Have words, will babble.

  Tuesday, September 30, 2003

Unfortunately I have been thinking for days now and that can never be good. There are so many things in my everyday life that I must let go of. Things that will drive me nuts if I don't. I hold on to so many stupid things. Material things and emotional things. I have finally figured out that what we hear people say is not always what they mean. I think that I often hear what I need to hear. I have let myself believe that things can happen, but they really never can. I have such high hopes and such vast dreams....I like it that way, I just want to be prepared for the inevitable fallout.

I was as low as I could possibly be not so long ago. I felt that place creeping back upon me recently, but I feel like I can be better than that. I finally feel like I can move on. That I can pick up the pieces of my crumpled, broken life and move forward. I want to find my place amongst this crazy mess.
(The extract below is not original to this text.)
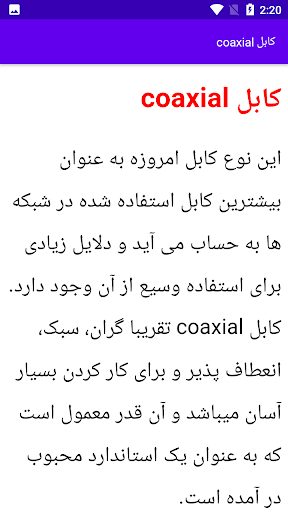 Android application آموزش نصب کابل برق screenshort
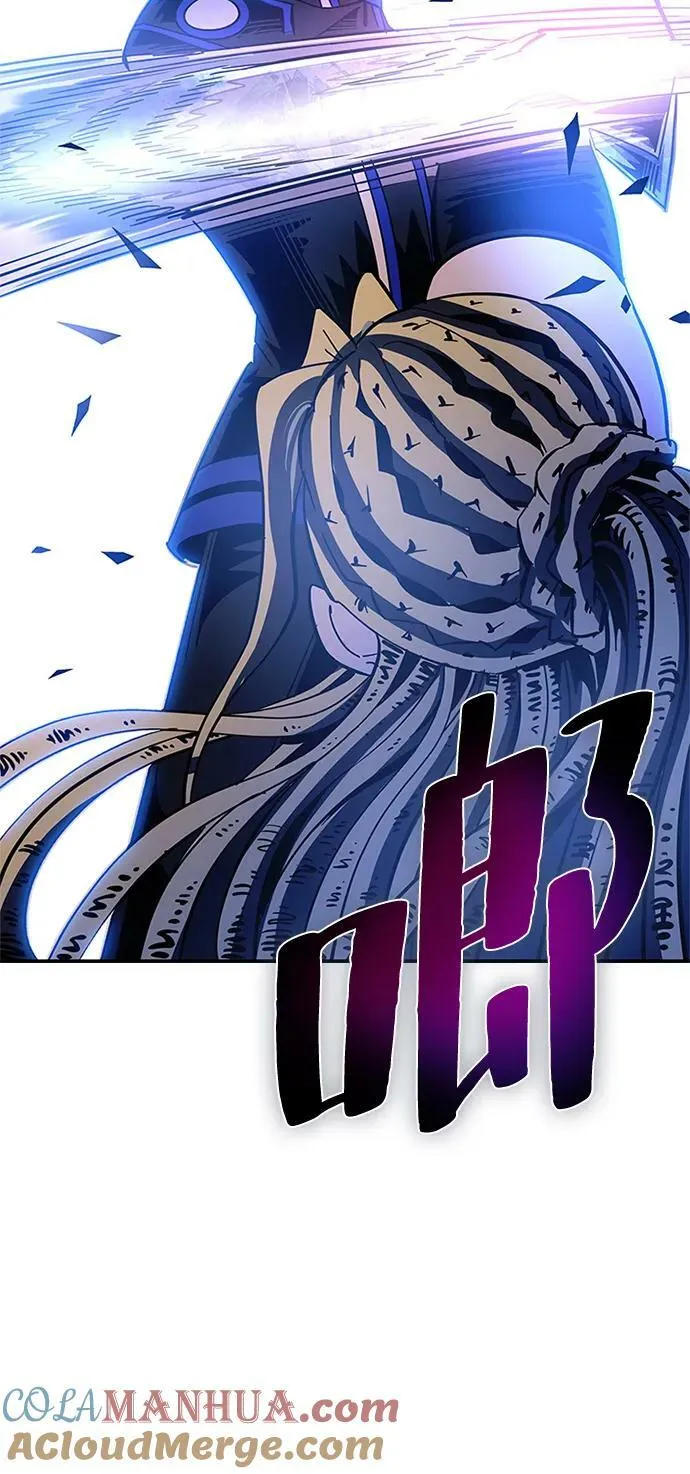 第89话 第76页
I'm ready for my world to come together and the life that I want to live to become clear.
April Love just very nearly sassed you at 12:04 AM;

  Friday, September 19, 2003

I will turn twenty-five years old before the year's end. Keeping that in mind, you can imagine my shock and dismay when my father informed me that he had "been on a couple of dates with a girl". It was clear by the emphasis on "girl" that I would not be pleased. I replied, "Oh, God." He looked shocked. Like he had not begged for this reaction. I added, "Please tell me that she's not younger than me." He assured me that she is not.....she's twenty-eight. She could be my sister. I'll admit it, this is weird for me. My last step-mother, who I love, is considerably younger than my father, but not young enough to be his daughter. I haven't met new girl yet. I'm not quite sure how that's gonna work out. The last time I experienced my father's dating life, I was a child of twelve. It didn't really affect me. Hell, I was trying to accept suddenly having two homes. Fuck bothering myself with who my dad had lined up for marriage #2. It was just fun to go to nice dinners and movies with whatever mystery girls happened to also have kids. But this time it's a little different. I consider my step-brothers to be my brothers. It's been that way for twelve years. They were just babies when they came into my life and I really love my step-mother. I don't want any of us to be unhappy, but I also have a hard time dealing with this fracture in my family structure.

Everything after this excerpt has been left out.